Cell-free DNA sequencing results were de-multiplexed using sample-level index barcodes, mapped to the human reference genome, then de-duplicated using Picard based on identical start/end coordinates. Copy number analysis was performed based on a read depth approach. First, the genome was binned (larger bins for non-targeted regions and smaller bins for targeted regions) and read depth ratios for bins between plasma cfDNA and matched PDWB control samples were calculated and corrected for biases in GC content, sequence repeats, and target density using CNVkit. Subsequently, read depth ratios were centralized by subtracting the mean log 2 ratios of all bins across chromosomes and normalized using read depth ratios from bins overlapping with copy number control genes. Copy number segmentation was performed using DNACopy. To obtain the background read depth ratio for individual genes, the same analysis was performed on 24 pairs of plasma and matched PDWB control cfDNA samples from male healthy donors. Finally, a gain (or loss) event in patient plasma was called when the calculated log 2 ratio was four standard deviations above (or below) the median log 2 ratio of that locus in healthy plasma. Genes whose log 2 ratios showed high variability or deviation from zero in healthy plasma samples (median >0.2 or standard deviation >0.2) were excluded from copy number analysis.
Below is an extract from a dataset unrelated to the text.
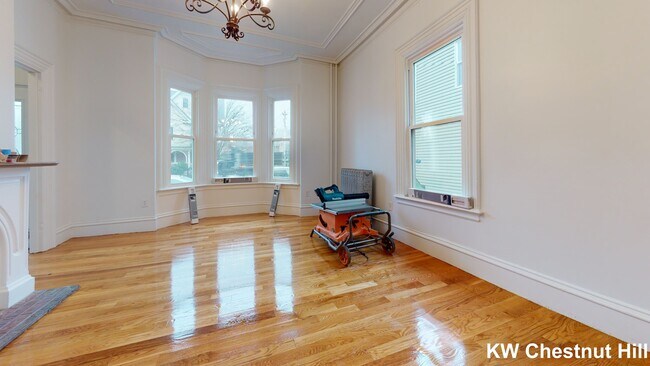 Building Photo - 2817 Washington St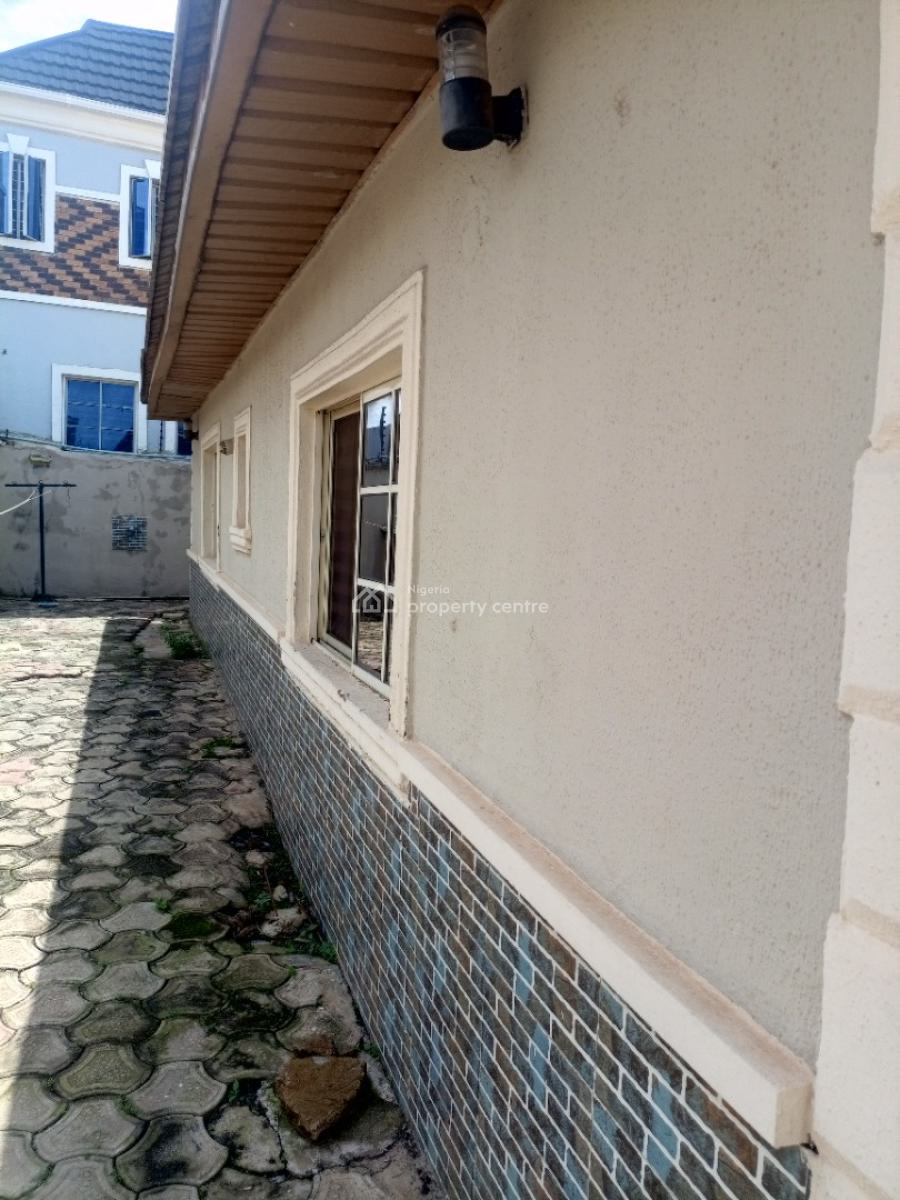 3 Bedroom Flat Two in The Compound Fenced with Gate, Anu Oluwa, Airport, Alakia, Ibadan, Oyo, Semi-detached Bungalow for Rent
The targeted panel was designed to capture structural variation (SV) breakpoints targeting full-length AR (including intronic regions) and the TMPRSS2-ERG fusion hotspot in an intron of TMPRSS2. SVs including tandem duplications were called using Lumpy and Manta using plasma samples with matched PDWB control samples. Subsequently, SVs with breakpoints overlapping the blacklist and low complexity regions or those with both breakpoints falling in non-targeted regions were removed. Additional filtering was applied to retain only SVs with at least 2 supporting discordant read pairs or split reads and with high confidence regarding breakpoint positions (based on the width of the confidence interval provided by Manta or Lumpy being <5 bases), and filtering out SVs with abnormally high read support (>150 discordant read pairs or split reads) in patient plasma cfDNA.

Clinical Outcomes

The primary clinical endpoint was primary or secondary resistance to AR-directed therapy. Primary resistance was defined as prostate-specific antigen (PSA) progression, change of therapy or death within 4 months of treatment initiation, or radiographic progression within 6 months. Secondary resistance was defined as PSA progression, change of therapy, radiographic progression or death outside of this timeframe. PSA progression was defined as an increase of ≥25% above nadir and ≥2 ng per milliliter, with confirmation ≥3 weeks later (PCWG3). Secondary endpoints were progression-free survival (PFS) defined as the time to PSA progression by PCWG3 criteria or death, or last known date of PSA measurement in non-progressors, and overall survival (OS) defined as time to death or to last follow up for alive patients. PFS and OS were calculated from time of study enrollment.

Results

The most frequent genomic events detected in plasma cfDNA were AR/enhancer alterations (most commonly copy number gain and tandem duplication) present in 18 patients (45%), including a 40% amplification rate in the AR enhancer region, as shown in FIG. 23A. Three patients (8%) were found to have independent AR enhancer amplification without AR gene body amplification, consistent with previous tissue-based results (see FIG. 23A). Other genes frequently found in cfDNA to be targeted by alterations included TP53 and PTEN which demonstrated copy number loss in 6 patients (15%) and COSMIC-annotated nonsynonymous single nucleotide variants in 5 cases (13%) (See FIG. 23A). TMPRSS2-ERG gene fusion was also detected in 5 cases (13%) (see FIG. 23A). Overall, genomic alterations in AR were 80% concordant between tissue and plasma, as shown in FIG. 25.

AR/Enhancer Alterations in cfDNA Associated with Clinical Resistance

The greatest concordance was observed between genomic events and clinical resistance to AR-directed therapy for alterations in the AR locus including the enhancer (see FIGS. 23A-C). Alterations in the AR/enhancer locus predicted resistance with 78% sensitivity and 100% specificity (see FIG. 23B). There was a highly significant correlation between alterations detected in AR/enhancer in cfDNA and resistance to AR-directed therapy (P<0.0001). All three cases with AR enhancer amplification in cfDNA in the absence of AR gene body amplification progressed to resistance at a median of 5.3 months (range 0.6-8.0), indicative of improved sensitivity in identifying resistance when tracking the AR enhancer in addition to the gene body. The AR-V7 Nucleus Detect CTC assay was run at a median of 16 days from cfDNA analysis in 25 patients, including within 24 hours of cfDNA testing for 10 patients. AR-V7 was detected in CTCs from 2 patients (8%) and negative in the remaining 23, as shown in FIG. 26.

AR/Enhancer Alterations in cfDNA Portended Poor Progression-Free Survival (PFS)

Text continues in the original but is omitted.